8 yo son driving us nuts- advise please! Lock Rss

Hi,
Our 8 yo son is driving us nuts with his behaviour and nothing we do seems to be working. He lies, and is deceitful and was recently caught stealing (this was punished by grounding for 1 week with no tv, dessert, no riding bike or playing with friends, loss of pocketmoney, extra chores, had to write letter of apology and paid postage to return items).
His other behaviour is hitting or kicking his 3 yo brother when we can not see him. He is lazy and does not tidy his room but instead throws things behind boxes which I then find at a later date.
Lossing privledges doesn't seem to be working, and last night for the first time in years he was smacked for repeatedly back-chatting (which is another of his traits). This was the last straw for my DH and I as we are pulling our hair out to find something that works with him, and we don't usually smack our kids.
I am at the stage right now where I want to empty his room of all his toys and books until he can learn to be responsible and behave properly.
Can anyone PLEASE help? I dread knowing he is coming home from school as I know his back-chatting, and general bad behaviour will begin again.
And to top if off, at school he is an excellent student, and behaves beautifully for his teachers!!
Thanks for listening.

Mum to Jack 8, Zane 3 & Angus born 06//09/07

Hi
You poor thing. It can be so stressful sometimes. How long has it been going on for. There are no problems at school for him are there. He is not being bullied or anything is he. It could be that he is and just not telling anyone. One other thing it could be that he is experiencing difficulty with the new bub. Maybe he feels that he is being left out. I know that my kids felt a little left out when our DS#3 was born. My teens felt like they were being told to wait all the time and my toddler just did not know how to cope and he really acted out. He is just staring to settle now,that is because I have the little one in a routine now and we are back to normal a bit. I know it can get you down when you don't know what is going wrong but take heart. They all go through this I think. He is old enough to sit down and talk to. If you find you can't maybe there is someone else he might talk to like an older cousin, aunt or uncle or maybe the teacher at school. Then at least you might find out if there are any problems he might not be telling you. He could feel like mum does not love him or care for him as much. NOT that it is true but you don't know what he is thinking. He might be resentful towards the younger ones for taking mum away from him. Maybe you need to have time for you and him alone. Even if is 10mins when he does not have to share mum. He might be stealing just to get your attention. Any attention be it good or bad.

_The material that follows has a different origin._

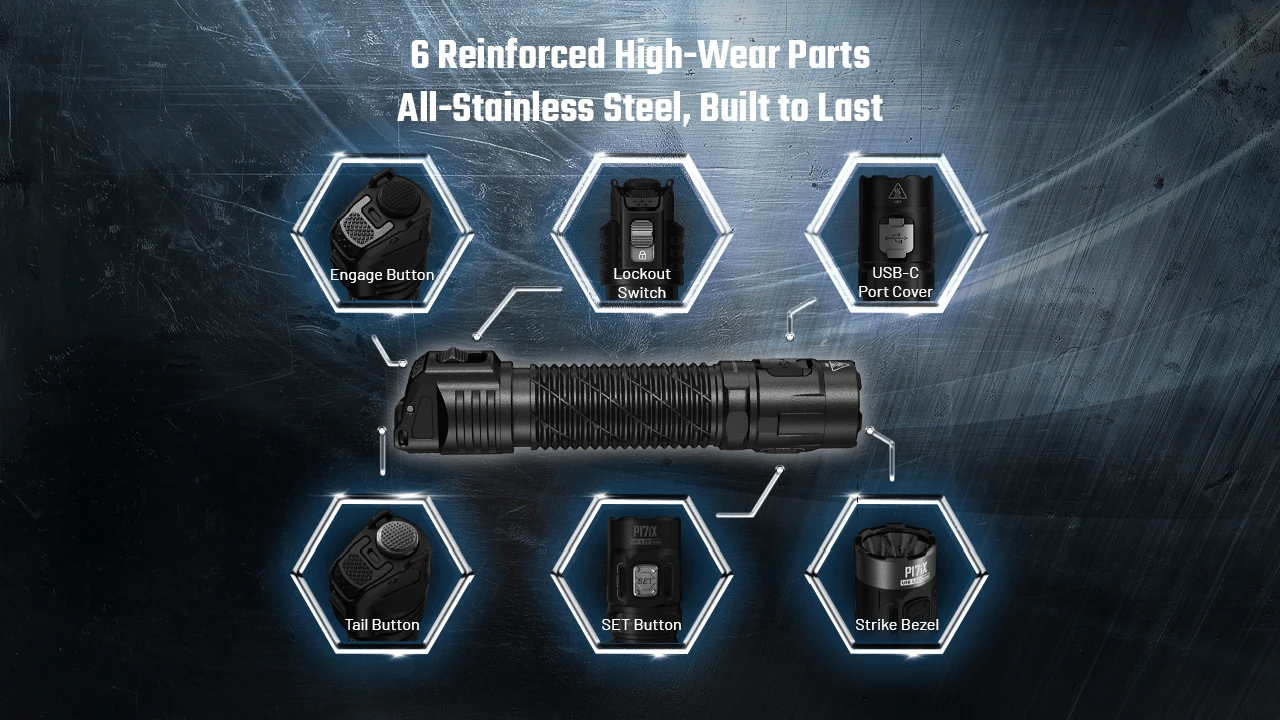 Nitecore P17iX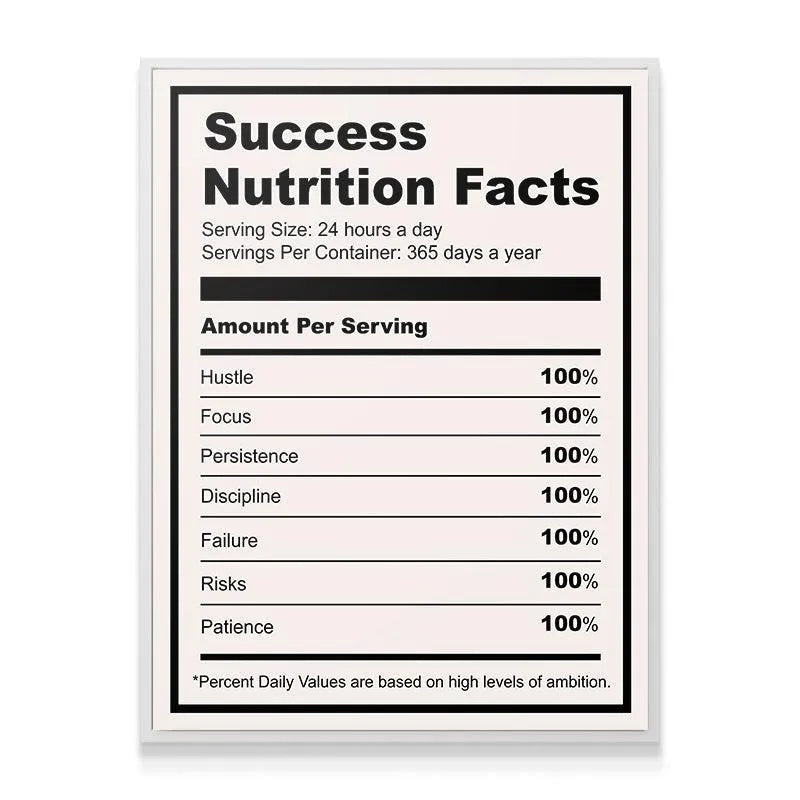 Lifestyle shot of the Ingredients For Success (Light) print hanging above a professional desk setup.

I am not sure of the problem but I hope I have helped at least a bit. Remember that you are not alone, lots of people go through this thing all the time and the kids turn out fine. As long as you can rule out any major concerns on his part. Just keep up the loss of privileges and grounding. It will work eventually.

Good Luck and Take Care
Rachel

My DD now 9 started similar behaviour at that age and my nephew, the same age as my daughter, is the same. It seems to be a thing common to the age group where they see how far they can push. It is a hard time and sometimes nothing seems to work. I can talk to my DD and punish her by not letting her go to the disco or party etc and the following week she will do the same thing.
I found that her biggest problem is lying and blaming others for anything that happens.
I find they only thing that seems to make an impression is to talk to her, away from her brothers. I ask her how she would feel if someone did to her what she has done. Ie called names or lied. I make her think about it and then explain to me what she thinks she would feel. This puts her in other peoples shoes and hopefully, maybe, eventually make her think abour her behaviour.

It is hard and try to stay strong.

Good Luck

currently being updated please check back later.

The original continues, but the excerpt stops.